Carbon markets often disconnect emissions from the social, ecological and economic contexts in which GHGs are produced and consumed. Thus, they provide new opportunities to exacerbate systemic inequalities by placing the socio-ecological burden on vulnerable demographics, under the guise of ‘more efficient’ environmental management.

What can be done?

Such downsides mean that if carbon markets continue in their current state, they will likely fail to properly incentivise long-term emissions reductions. Ensuring these markets actually foster structural changes to mitigate climate change and decarbonise industries is vital for them to make an effective, positive impact on the planet.

While some progress is being made towards more universal processes and methodologies to access global carbon markets, the current issues they face must be resolved first.

Carbon markets must increase their transparency and integrity in their governance and financial infrastructures to reduce instances of greenwashing, as well as ensuring there’s sufficient socioecological safeguarding measures to protect vulnerable communities.
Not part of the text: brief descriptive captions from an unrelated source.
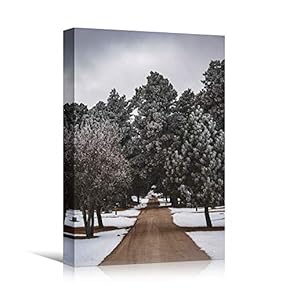 signwin Canvas Wall Art Winter Trees Cool Dramatic...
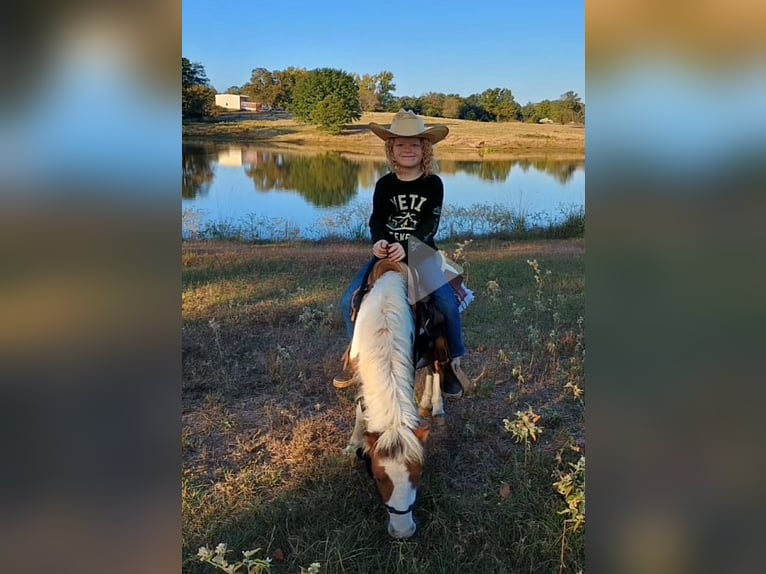 More ponies/small horses Stallion 4 years 8,1 hh Tobiano-all-colors in Mount Vernon Texas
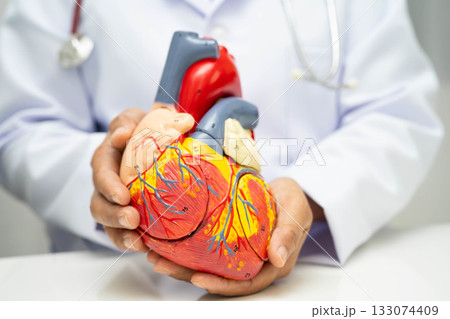 Cardiovascular disease CVD, doctor with heart human model anatomy for treatment patient in hospital. Cardiovascular disease CVD, doctor with heart human model anatomy for treatment patient in hospital. 133074409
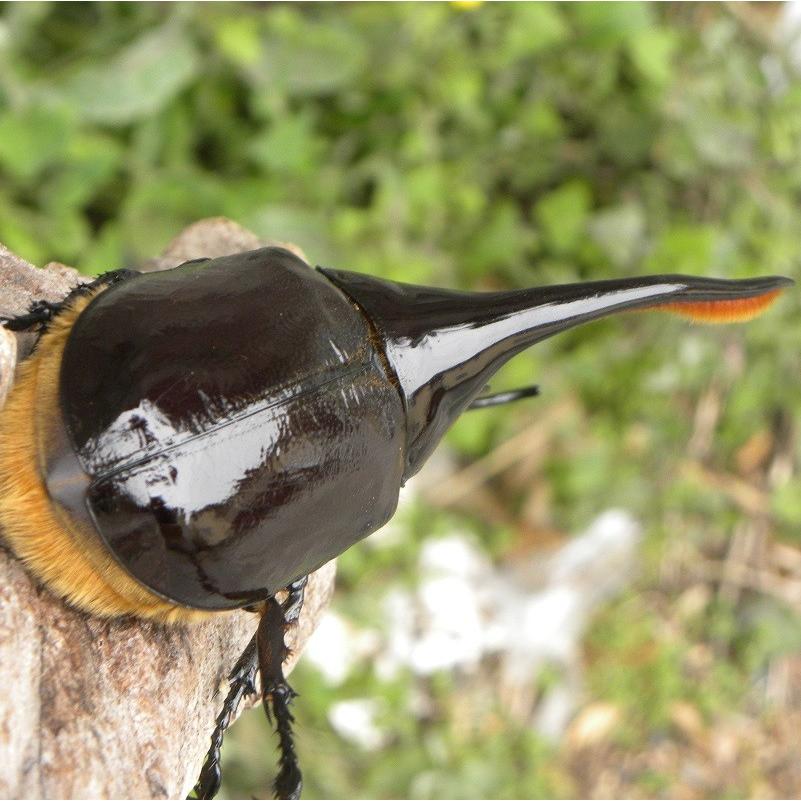 ネプチューンオオカブト成虫オス127mm 昆虫・生態・カブトムシ 保温をして大切に配送します 名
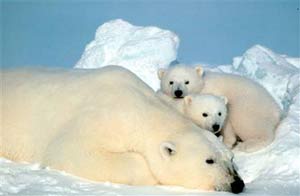 Bộ phận sinh dục của gấu Bắc cực ngày càng nhỏ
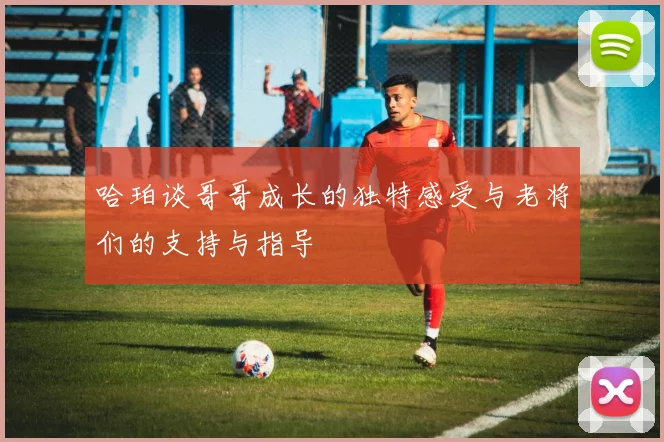 哈珀谈哥哥成长的独特感受与老将们的支持与指导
Additionally, the monetary benefits of carbon trading must be more equitably shared with climate-vulnerable countries, who may not currently possess the capacity to adapt to climate change and build resilience to its effects.

All of this requires intervention and investment from state and international regulators to create new legal frameworks and make sure that monitoring, verification and reporting of carbon credits is accurate. To initiate this shift, officials must ensure that full responsibility and accountability is taken, while also seeing that other forms of radical change do not become side-lined.

As such, carbon markets must not become too disconnected from the climate issue itself. Ensuring that these finance mechanisms engender long-term socio-political change to keep most remaining fossil fuels in the ground and protect communities around the globe must remain paramount.